■ **THE DATA**:
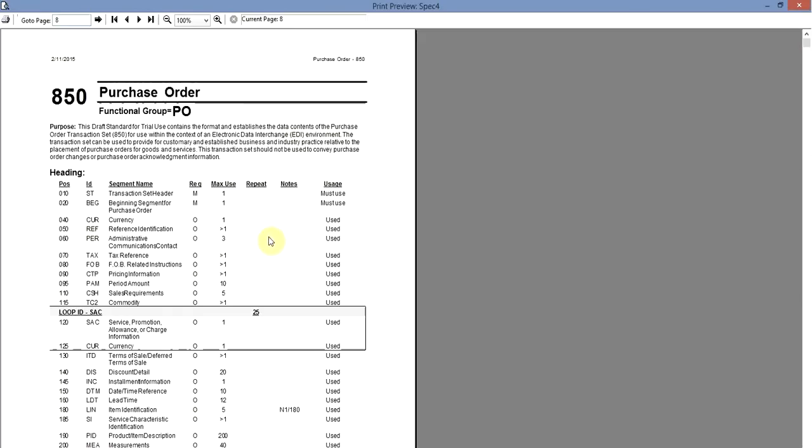This is how easy you can do the customizations to the EDI spec and then exchange this EDI spec with your partners to get the sign-off. Thanks for your time and we'll see you next time. Thank you.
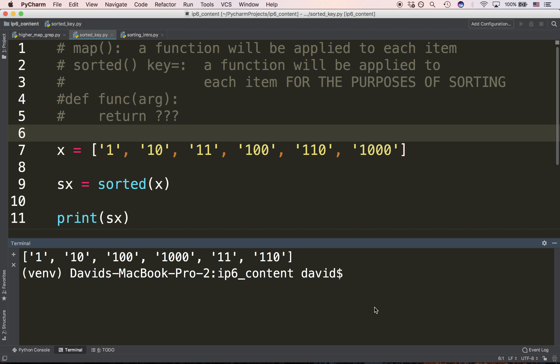You might want to pause this video and see if you can puzzle out exactly why. So why do we have 1,000 coming before 11, or 100, or 10 coming before 110? The answer is that these are strings. And as we noted at the beginning with sorted, sorted will sort strings alphabetically — or what we learned was ASCIIbetically.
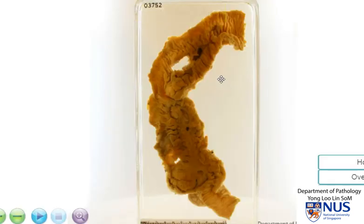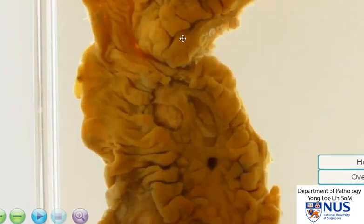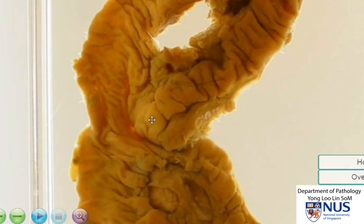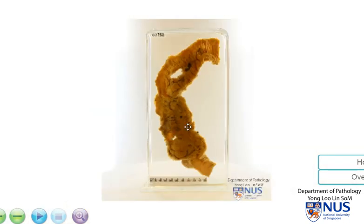To summarize, this is an example of the ileocecal region with the terminal ileum, the cecum, and the ascending colon. The ascending colon is involved by a patchy process with some normal mucosa in between. What we see are ulcers and a cobblestone appearance in some areas of the mucosa, and this is an example of Crohn's disease.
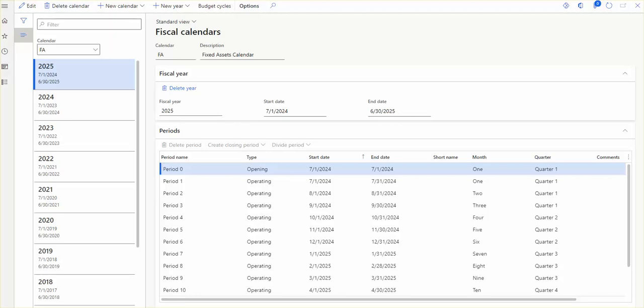You can go to the Dynamics 365 page and from there you can download the demo environment, or you can also subscribe for a 30-day trial period. In order to do that, you need to have an organizational account instead of a personal one. Thank you so much for watching, have a nice day.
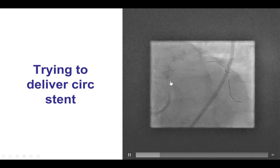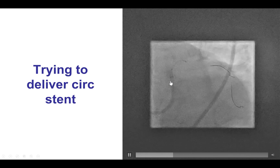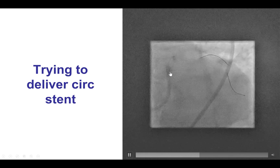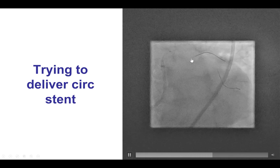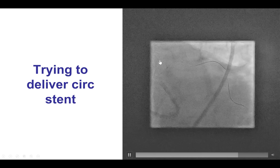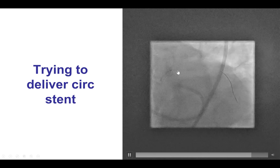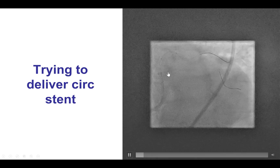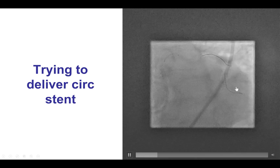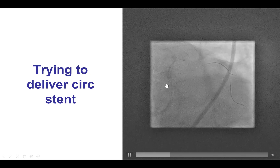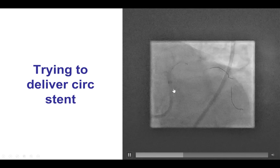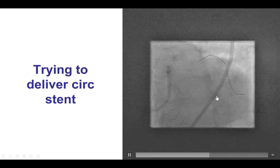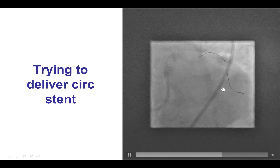Whenever advancing equipment into a vessel, it is critical to pay attention not only at the position of the equipment — whether it's balloon, stent, or microcatheter — but also at the position of the guide wires and the position of the guide, because if this is lost, everything is lost.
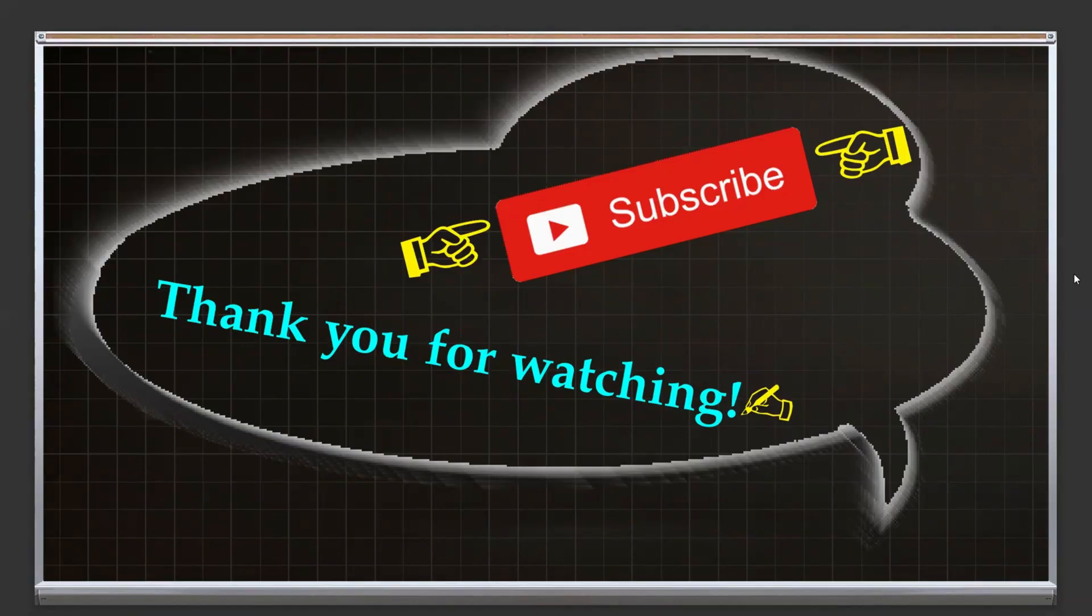Thank you for watching. I'll see you next time.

■ **ACTION ITEM**:
Beginning with the line that includes "Whenever advancing equipment" and ending with the last line of the material, reproduce those lines exactly and nothing else, with no pictures.

■ **RESULT OF THIS EXERCISE**:
Whenever advancing equipment into a vessel, it is critical to pay attention not only at the position of the equipment — whether it's balloon, stent, or microcatheter — but also at the position of the guide wires and the position of the guide, because if this is lost, everything is lost.
Thank you for watching. I'll see you next time.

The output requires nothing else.